**What is being asked**
Your answer must be an exact copy of the lines from the one containing "fury90's tweet photo." through the last line of the records below, with no pictures; please include nothing else.

Start of Data for analysis

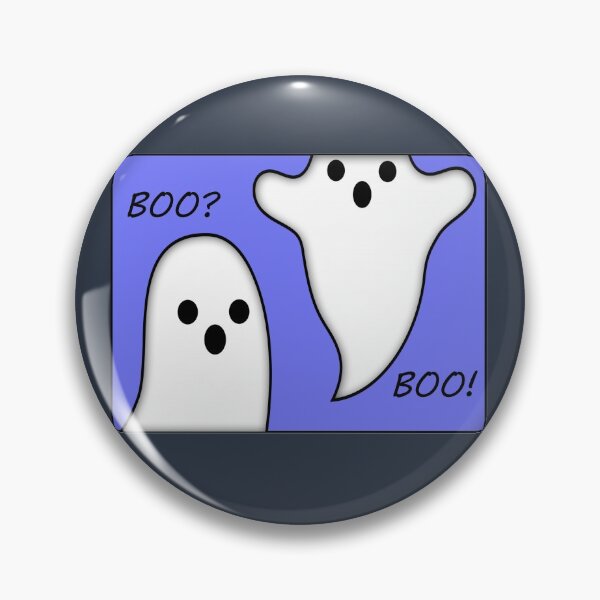 Item preview, Ghost Of Disapproval Stuff designed and sold by NuarzDesign.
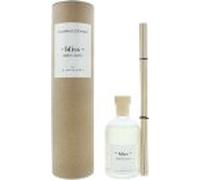 The Olphactory Bliss Green Leaves Reed Diffuser 100ml
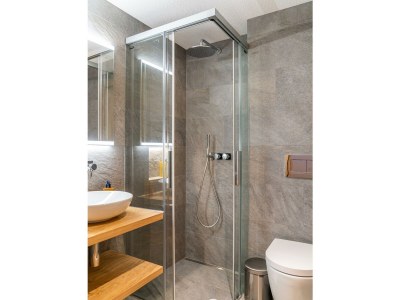 Apartment Appartement/Fewo - Outdoor photo 14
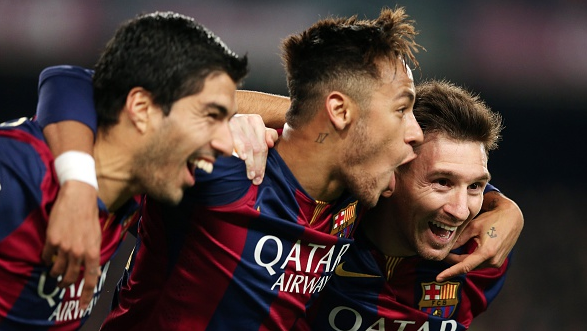 fury90's tweet photo. Auctions are on fire right now! Suarez, Bale, Neymar, and Messi all live! #fury90 https://t.co/bm5PA335VH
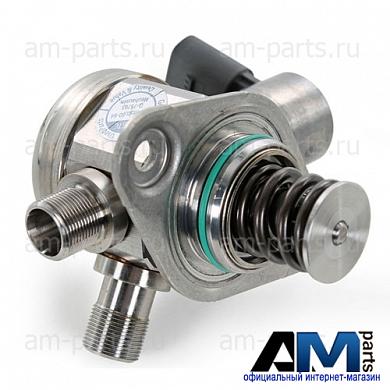 Насос высокого давления A2780701201 Мерседес (R) S500 455 л.с.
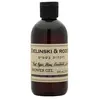 Image de Zielinski & Rozen Pink Pepper, Elemi, Cinnamon, Leather Gel douche 1000 ml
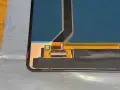 Huawei MateBook E 2022 12.6 OLED Display / Дисплей нов, снимка 6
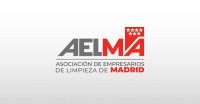 M�s de un centenar de empresarios respaldan el XI Encuentro Empresarial AELMA, centrado en los desaf�os del sector de la limpieza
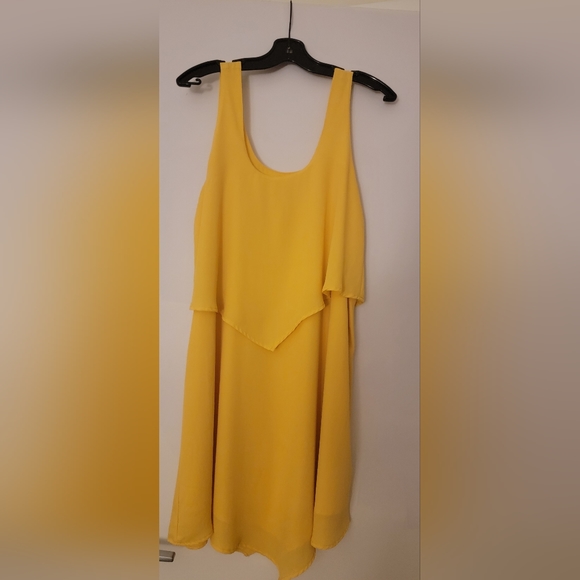 A fun dress for the summer - Picture 1 of 2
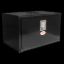 RKI BOX COMPLETE-H361818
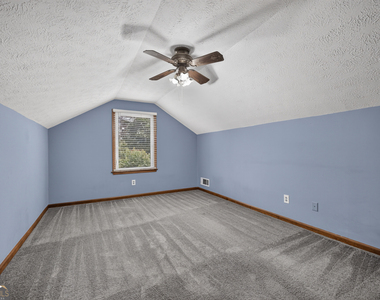 1799 Jimmy Dodd Road - Photo Thumbnail 27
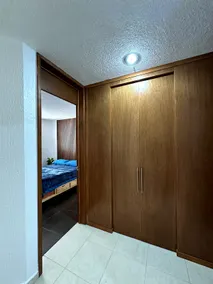 House in Pachuca, nice, quiet and comfortable - Image 5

End of Data for analysis

**Exercise output**
 fury90's tweet photo. Auctions are on fire right now! Suarez, Bale, Neymar, and Messi all live! #fury90 https://t.co/bm5PA335VH
 Насос высокого давления A2780701201 Мерседес (R) S500 455 л.с.
 Image de Zielinski & Rozen Pink Pepper, Elemi, Cinnamon, Leather Gel douche 1000 ml
 Huawei MateBook E 2022 12.6 OLED Display / Дисплей нов, снимка 6
 M�s de un centenar de empresarios respaldan el XI Encuentro Empresarial AELMA, centrado en los desaf�os del sector de la limpieza
 A fun dress for the summer - Picture 1 of 2
 RKI BOX COMPLETE-H361818
 1799 Jimmy Dodd Road - Photo Thumbnail 27
 House in Pachuca, nice, quiet and comfortable - Image 5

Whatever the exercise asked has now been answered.